Also in 1975, the Africa Travel Association (ATA) was established to assist the new African nations develop their tourism infrastructure. In 1980, the Association for the Promotion of Tourism to Africa (APTA) was born out of the ATA. It seems to have much the same objectives, namely to promote education of tourism to African business and to promote Africa as a destination to the rest of the world.

Election Disaster

In the wake of the 2007 elections, inter-tribal violence caused upheaval in Kenya. Although none of the violence was directed towards foreigners (it was tribes fighting to have their man in the presidency) it impacted the industry significantly. Tourism slumped by about 50%.

Onward and Upward

Despite the violence early in the year, April 2008 saw Kenya win the Best Leisure Destination award at the World Travel Fair in Shanghai. In 2010 Kenya received over one million arrivals, a record number to that time.

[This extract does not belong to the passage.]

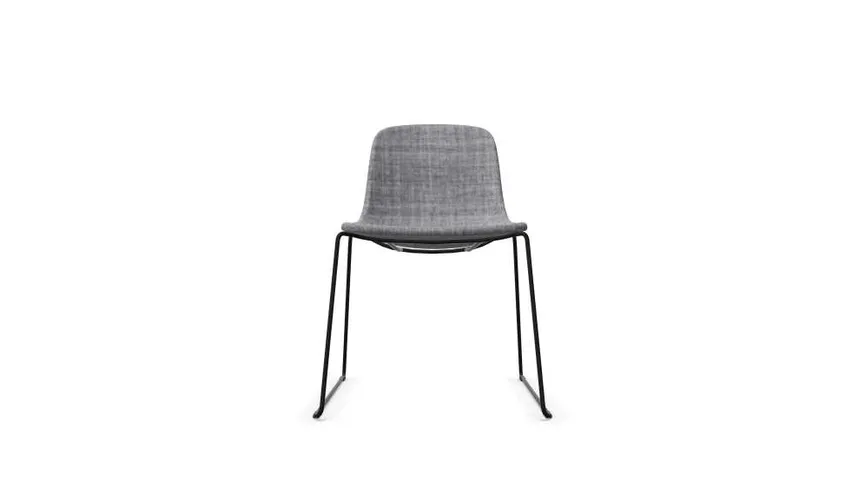 Stuhl Sled fully upholstered detail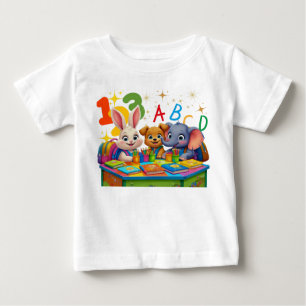 Camiseta Cuecas do jardim de infância - ABC Animal Friendle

Last year, both President Uhuru Kenyatta and Vice-President William Ruto pledged their commitment to growing Kenya’s tourism industry during their inauguration speeches. Currently Kenya is receiving approximately 1.5 million tourists a year. But Ruto stated that this government is committed to growing that number to 3-5 million in order to turn around the economy and increase jobs for young people.

At the 2013 World Travel Awards (Africa), Kenya was well-represented among the winners. The Kenya Tourist Board won Africa’s leading tourist board award. Nine accommodation categories were taken by Kenyan lodgings in categories such as eco, green, meetings and conferences, spa, and tented safari camp. The Maasai Mara was named Africa’s leading national park.

On the world stage, Kenya was also well-represented in the nominations in the categories: golf destination, tourist board, eco-lodge, green hotel, new hotel, resort, spa resort, and private game reserve. Kenya won the World’s Leading Safari Destination.

Kenyan tourism is growing from strength to strength. Long gone are the hunting safaris; now the only shots taken are with a camera. Despite the terror attack and airport fire last year, Kenya has been recognised globally as a leading destination. Security remains an issue for many travellers coming to Kenya but, with the government’s renewed commitment to developing the industry, it is a safe place to holiday. And as the general population recognises and profits from the economic benefits of tourism, the support of the nation will only increase Kenya’s attractiveness as a destination.